Since about last Friday everytime Joseph Muscat and those who work for him referred to Magistrate Aaron Bugeja, they added the adjective ‘independent’ in front of his name. No one throws a redundant adjective for nothing. They could have called him ‘bipedal’, ‘law graduate’, ‘clothed’. All are as obvious as his independence.

In that adjective is an unconscious nervousness. Because Joseph Muscat did not always outwardly show his acceptance of the Magistrate’s independence.

When he first called for this inquiry to start he expected the whole thing to be over in days. He had already set a date for the election and the Egrant story had threatened to scupper his plans. That moment of bullish glory, that instance of quivering vulnerability, that you saw last Sunday was scheduled for some time halfway through last year’s election campaign.

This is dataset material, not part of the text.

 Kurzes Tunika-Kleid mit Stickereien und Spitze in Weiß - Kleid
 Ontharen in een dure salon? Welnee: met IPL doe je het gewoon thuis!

But at that time Aaron Bugeja refused to dance to that tune. The planted story only days after the inquiry was called published on Saviour Balzan’s outfit that the inquiry was done and was nearing release did not push him to conclude his work in a time convenient to the prime minister.

So the prime minister went on TV and addressed the Magistrate with the entire country as his witness speaking words that blanched the faces of the entire legal community at the time. The context was a controlled interview with Joseph Muscat’s ally Saviour Balzan and they discussed the fact that it started to look like the Magistrate’s timetable was not going to fit neatly with the prime minister’s political needs.

What happens then? asked Savior Balzan. “It’s the Magistrate’s problem,” retorted the prime minister attributing purely political responsibility to a member of the judiciary and inciting his audience to collectively breathe down the neck of the Magistrate. You see when the prime minister goes on TV and threatens a Magistrate he is not presenting him merely with the possibility of his displeasure from which a Magistrate is rather safely protected with security of tenure. He is also presenting him with the displeasure of his supporters, his dependants and all those who benefit from the prime minister’s incumbency. And what security protects you from that?

One wonders if the Magistrate remembered that intervention by the prime minister on TV when he got the news Daphne Caruana Galizia had been torn up in flames. He must have felt very independent then.